## REQUIREMENT
Copy the listing verbatim, excluding any images found in it.

## DATASET SECTION
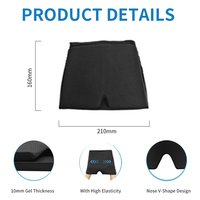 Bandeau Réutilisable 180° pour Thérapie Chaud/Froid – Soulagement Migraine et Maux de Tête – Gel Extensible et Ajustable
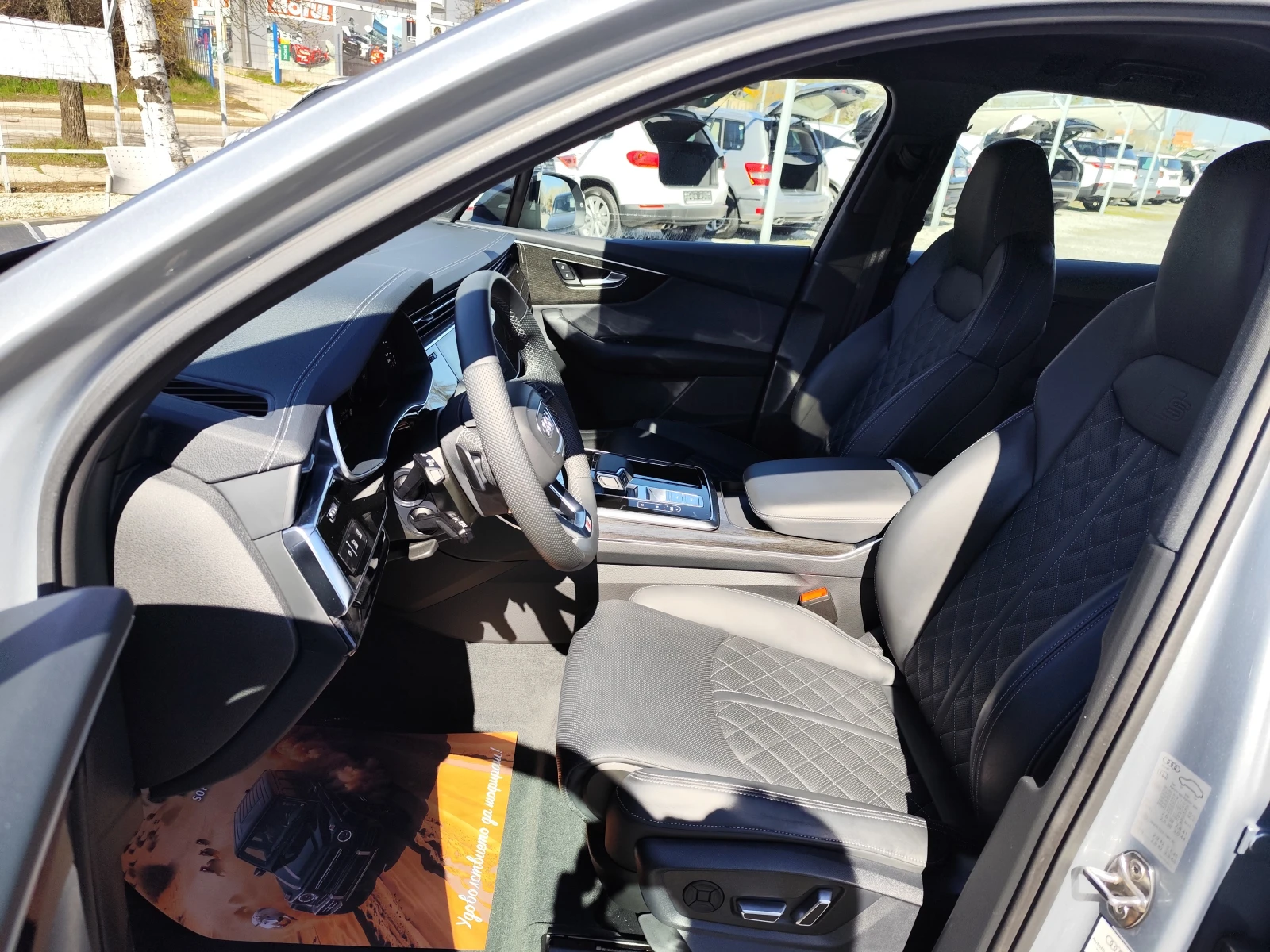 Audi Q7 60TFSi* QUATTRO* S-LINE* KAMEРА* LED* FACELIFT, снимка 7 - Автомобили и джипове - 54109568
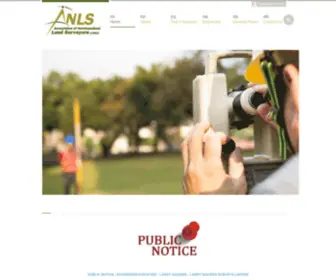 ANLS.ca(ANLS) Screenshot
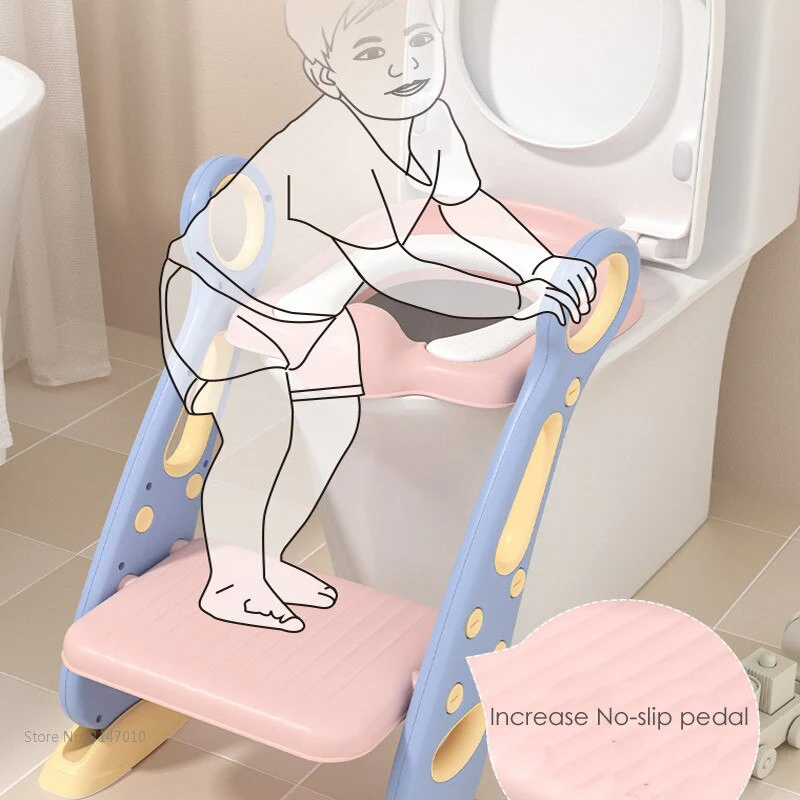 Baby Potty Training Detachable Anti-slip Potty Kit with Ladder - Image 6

## RESULT BELOW
 Bandeau Réutilisable 180° pour Thérapie Chaud/Froid – Soulagement Migraine et Maux de Tête – Gel Extensible et Ajustable
 Audi Q7 60TFSi* QUATTRO* S-LINE* KAMEРА* LED* FACELIFT, снимка 7 - Автомобили и джипове - 54109568
 ANLS.ca(ANLS) Screenshot
 Baby Potty Training Detachable Anti-slip Potty Kit with Ladder - Image 6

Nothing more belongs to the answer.